Different Name Types
Not every one of your guest envelopes will include the names of a married couple. So what happens with the other variations? Again, consistency is key here, so if you’ve decided to use full names and titles, keep that going with every name variation you encounter.
Couple with different last names
For a married couple, list the male first. For unmarried or same-sex couples, list the person you are closest with first.
- Mr. John Smith & Mrs. Michelle Jones (married)
- Ms. Michelle Jones & Mr. John Smith (unmarried)
- Mr. Smith & Ms. Jones
- John Smith & Michelle Jones
- John & Michelle
It can be fun for soon-to-be-married couples to receive mail with their future name written. But be aware that some couples may love this while others could be offended (especially if they aren’t planning to change their name), so we only recommend this for people you’re close with.
- The Future Mr. & Mrs. John Smith
- Mr. John Smith & Miss Michelle Jones
Families and children
If you’re inviting children to your wedding, they should be listed on the envelope underneath the parents’ names. Writing “family” also says that they are invited. Not including the children on the envelope tells guests that their children are not invited.
- The Smith Family
- Mr & Mrs. Smith & Family
- Mr. & Mrs. John Smith
Sarah, Andrew, & Peter
A name listed on its own signals that the guest should be coming on their own. If you’re giving them a plus-one, include the words “& Guest”.
- Ms. Michelle Jones (& Guest)
- Ms. Jones (& Guest)
- Michelle (& Guest)
The guest with the highest ranking distinguished title (such as Doctor, Captain, Honorable, Judge) should be listed first in a couple. Two of the same distinguished title may be pluralized.
- Dr. Michelle & Mr. John Smith
- The Honorable Michelle Jones & Mr. John Smith
- Judge Smith & Lieutenant Smith
- Doctors John & Michelle Smith
- The Captains Smith
The name portion of the envelope is definitely the trickiest to navigate, but don’t forget about the actual address portion! It is formal etiquette to not abbreviate anything on envelopes (aside from titles like Mr., Mrs. etc.), which means that street extensions (Road, Avenue, Street) and state names should be spelled out.

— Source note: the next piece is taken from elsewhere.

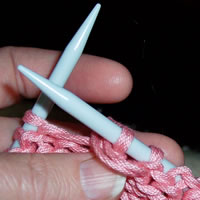 Slip, yarn back as to knit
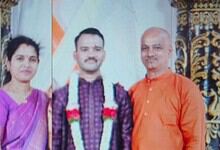 Celebrating a special event with three individuals dressed in traditional attire at a formal gathering.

However, in breaking with tradition and perhaps modernizing envelope addressing a bit, we like to defer to our clients on this. We think it’s okay to write “NY” instead of “New York” so long as it’s consistent with the return address and what’s written on the actual invitation itself.
Your return address can go either on the back flap or the front upper left corner of the envelope. We typically prefer the back flap so the guest’s address stands out on the envelope front, especially if it’s hand lettered. We offer both printing and hand lettering services for return addresses. Another option is ordering a custom address stamp. They come in many different style options, don’t cost too much, and will come in handy with all the wedding-related mail you will be sending. No matter what you choose, just make sure the format of your return address is consistent with your guests’ addresses!
While this is your wedding, please note that more informal addressing (with no titles) might be seen as disrespectful to older and more conservative guests. Take into account the vibe of your big day, along with your invitees, and use your best judgement to determine what makes most sense for you.
Although it should be clear through your envelope addressing who exactly is invited to your wedding, some guests do still mistakenly assume their plus-one or children are welcome. If this is a concern for you, we recommend adding some explanatory information on your wedding website. But you may also need to follow up with guests personally to explain the situation.